2. Level Mindset. Pengaturan
pada pikiran. Ini dilakukan oleh diri sendiri untuk menciptakan semangat dan
motivasi untuk diri sendiri. Level ini lebih tinggi daripada sebelumnya, karena
pada level ini kita sudah mampu mengatur apa-apa saja yang menjadi bahan bakar
semangat dan alasan untuk melakukan sesuatu.
3. Level Skill dan Job.
Kemampuan dan pekerjaan. Saat kita sudah mengetahui apa yang mampu kita lakukan
dan pengaplikasiannya dalam pekerjaan, maka kita akan secara otomatis mendapat
semangat dan alasan untuk menghasilkan yang terbaik dalam sasaran kita (job).
4. Dan
level yang tertinggi adalah Level Power (Energi). Kenapa
disebut level tertinggi, karena pada level ini, seseorang yang telah
mengatur mindset-nya, mampu melaksanakan job (pekerjaan)nya dengan
baik, ia akan menjadi energy untuk yang lainnya. Artinya, disaat energinya
habis, ia tahu kapan dan bagaimana seharusnya ia mengisi ulang energinya.

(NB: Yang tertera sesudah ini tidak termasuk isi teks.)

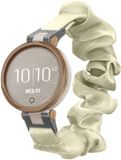 kwmobile elastisch bandje voor smartwatch - Geschikt voor Garmin Lily Sport - Pastelgeel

Sedangkan disaat energinya sudah terisi penuh, ia mampu menyalurkan energy
untuk orang lain.
B. BERBAGAI
PANDANGAN TENTANG MOTIVASI DALAM ORGANISASI
1. Model
Tradisional
Model
tradisional dari motivasi berhubungan dengan Frederick Taylor dan aliran
manajemen ilmiah. Model ini mengisyaratkan bahwa manajer menentukan bagaimana
pekerjaan-pekerjaan harus dilakukan dan digunakannya system pengupahan intensif
untuk memotivasi para pekerja – lebih banyak berproduksi, lebih banyak menerima
penghasilan.
Pandangan
tradisional menganggap bahwa para pekerja pada dasarnya malas, dan hanya dapa
dimotivasi dengan penghargaan berwujud uang. Dalam banyak situasi pendekatan
ini cukup efektif. Sejalan dengan meningkatnya efisiensi, karyawan yang
dibutuhkan untuk tugas tertentu dapat dikurangi. Lebih lanjut, manajer
mengurang besarnya upah intensif. Pemutusan hubungan kerja menjadi biasa dan
pekerja akan mencari keamanan/jaminan kerja daripada hanya kenaikan upah kecil
dan sementara.
2. Model
Hubungan Manusiawi
Banyak
praktek manajemen merasakan bahwa pendekatan tradisional tidak memadai. Elton
Mayo dan para peneliti hubungan manusiawi lainnya menemukan bahwa kontak-kontak
sosial karyawan pada pekerjaannya adalah juga penting dan bahwa kebosanan dan
tugas-tugas yang bersifat pengulangan adalah factor-faktor pengurang motivasi.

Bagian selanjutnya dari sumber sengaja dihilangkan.